By Omoh Gabriel
The recently held two-day National Economic Council (NEC) Retreat ended with a number of resolutions. The expectation of most Nigerians is that the meeting will come up with an economic agenda that reflects the change in approach to governance and economic management. The retreat started with a fanfare that looked like some serious economic policy outline was going to come out of it. At the end of the meeting, Nigerians were disappointed with the outcome.
The fact that the retreat was a meeting point for Governors, serving ministers and the Vice-President, to any serious-minded Nigerian who is conversant with the way governance is run in Nigeria, would not expect any serious out-of-the-box thinking to have come from the meeting.
In the first instance, a number of those at the meeting do not understand the workings of the various sectors of the Nigerian economy and their linkages to proffer an all-embracing policy direction for the national economy. They are well aware that the various arms of government are financially handicapped and that they cannot on their own, provide the needed funding to revive the ailing economy.

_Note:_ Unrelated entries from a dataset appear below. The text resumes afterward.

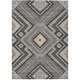 preview thumbnail 47 of 127, Machine Washable Indoor/ Outdoor Global Boho Chantille Rug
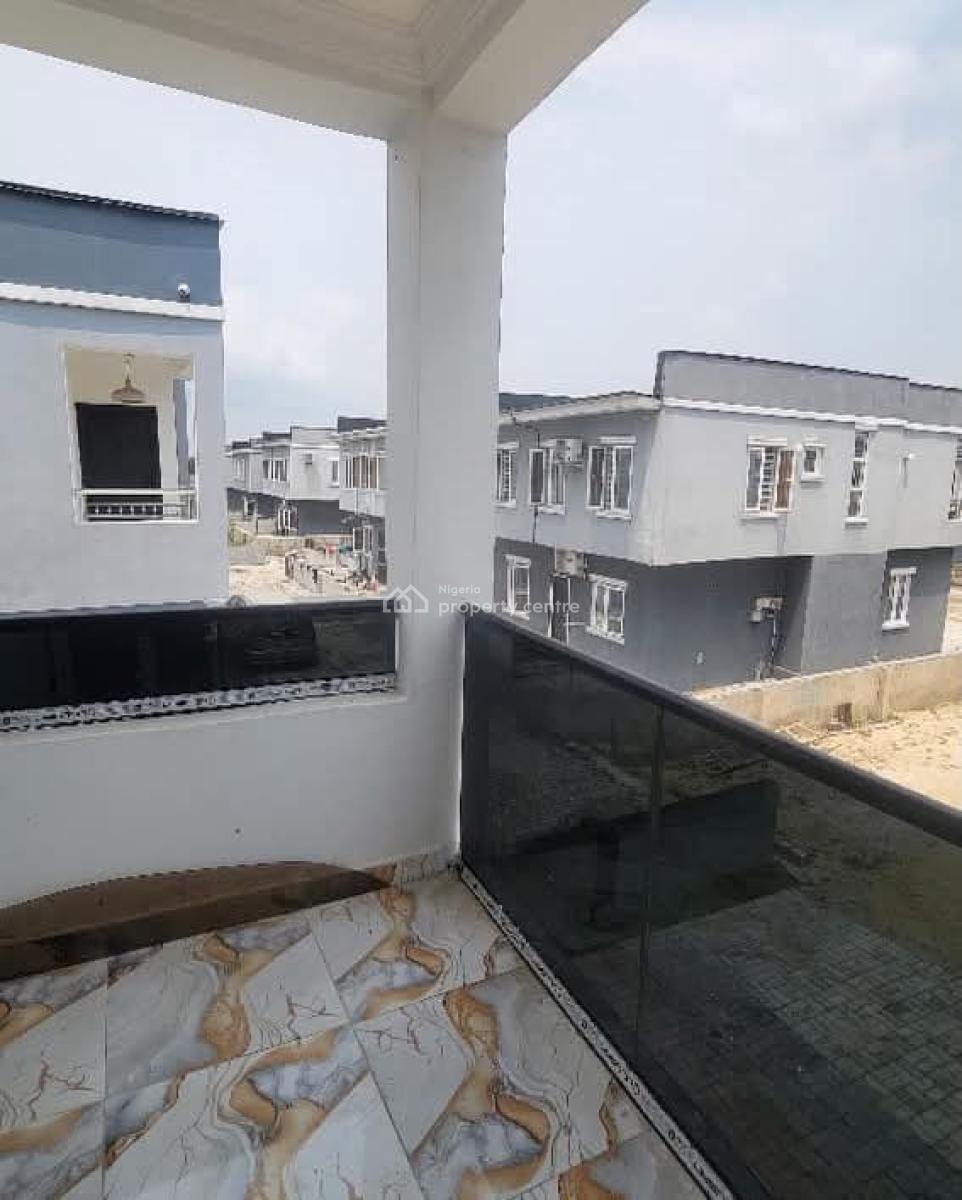 Spacious 4 Bedroom Detached Duplex, Awoyaya, Ajah, Lagos, Detached Duplex for Rent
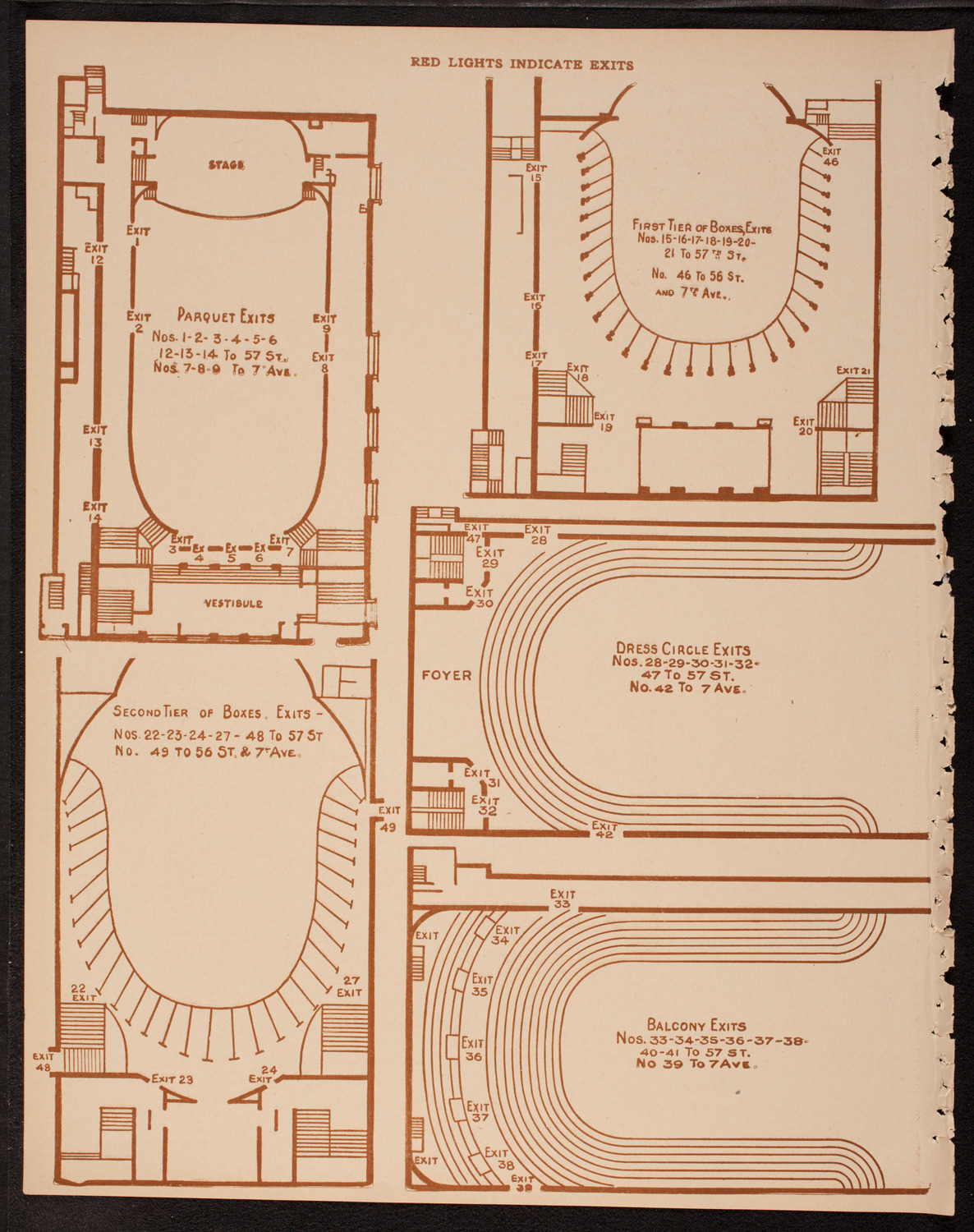 Musical Art Society of New York, December 18, 1917, program page 10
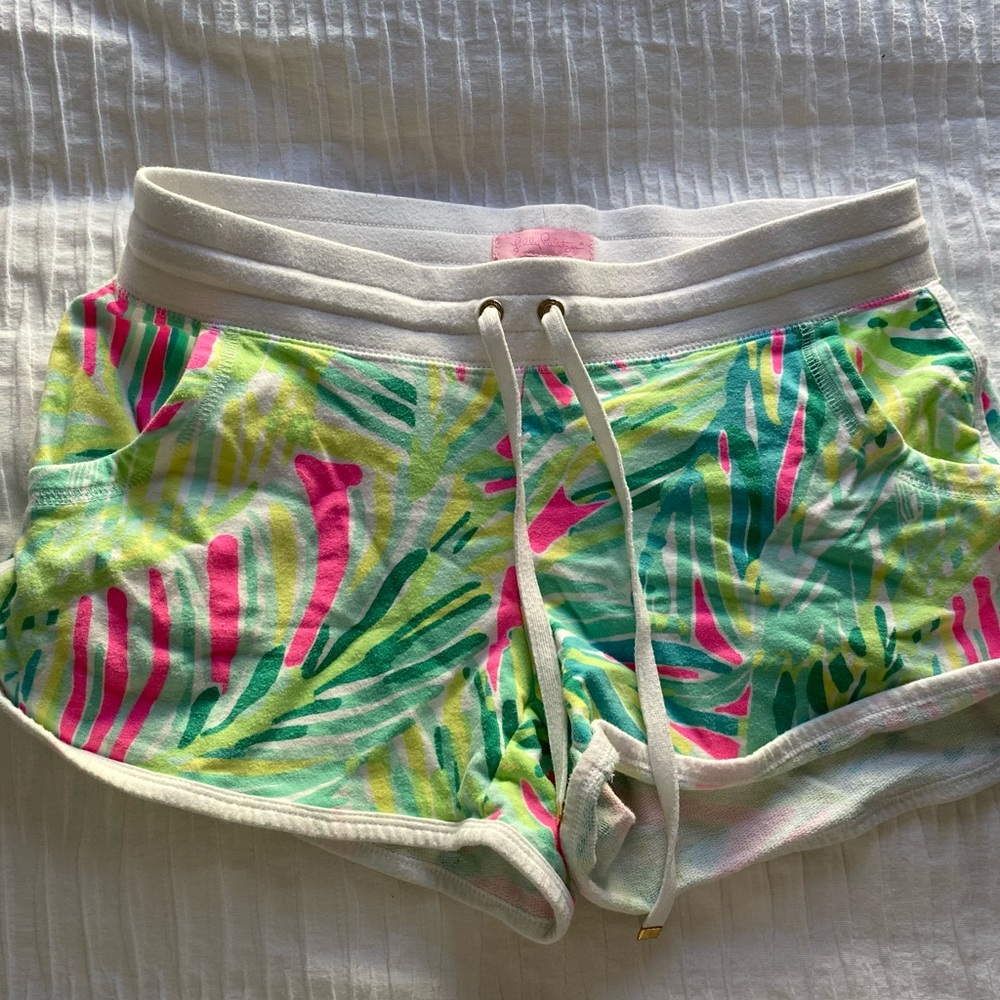 Lily Pulitzer Shorts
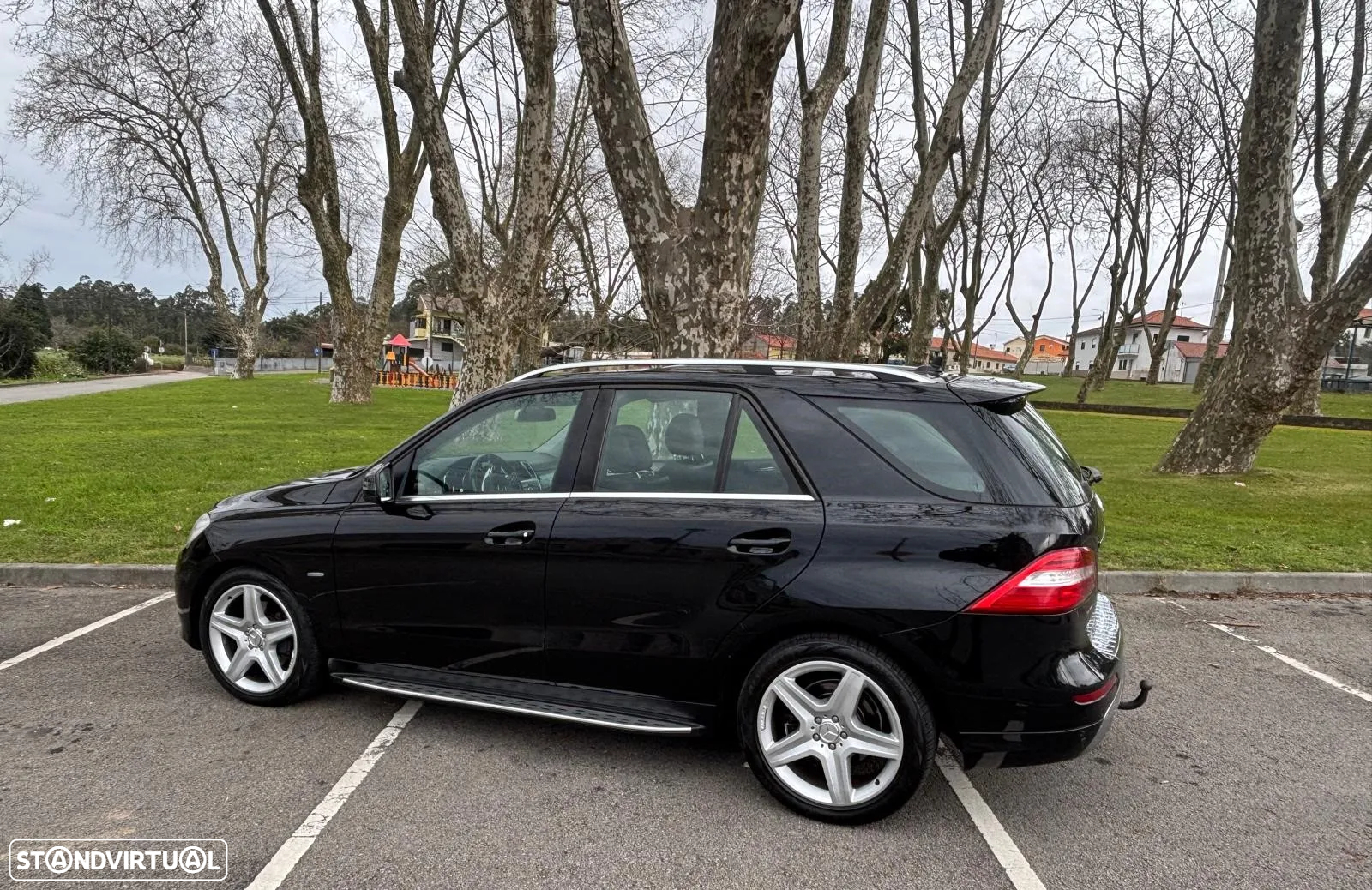 Mercedes-Benz ML 350 BlueTEC - 4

Many of the attendees are political office holders who know next to nothing about the principle of a functioning economy.
Given their limitations on sound economic matters, the expectation was that these public sector officials would have invited key stakeholders, economic experts from within and outside to dialogue on how to chart the way forward. Politicians that were made ministers would always play politics with the welfare of the people. If the aim of the retreat was to generate medium and long-term policies that will address challenges within discussed areas of the economy at both the federal and state levels, then it was a miscalculation to have excluded the organised private sector from the discussions. It was equally self- seeking on the part of the organisers of the retreat to have left out expert advice on this issue.
There is basically no difference between what the group discussed from what has happened in the past. As a government of change, the expectation is that the approach to governance and economic management will be totally different from that of the past. Nigerians need a break from the past where government functionaries spend public funds organising talk shops that lead the country nowhere.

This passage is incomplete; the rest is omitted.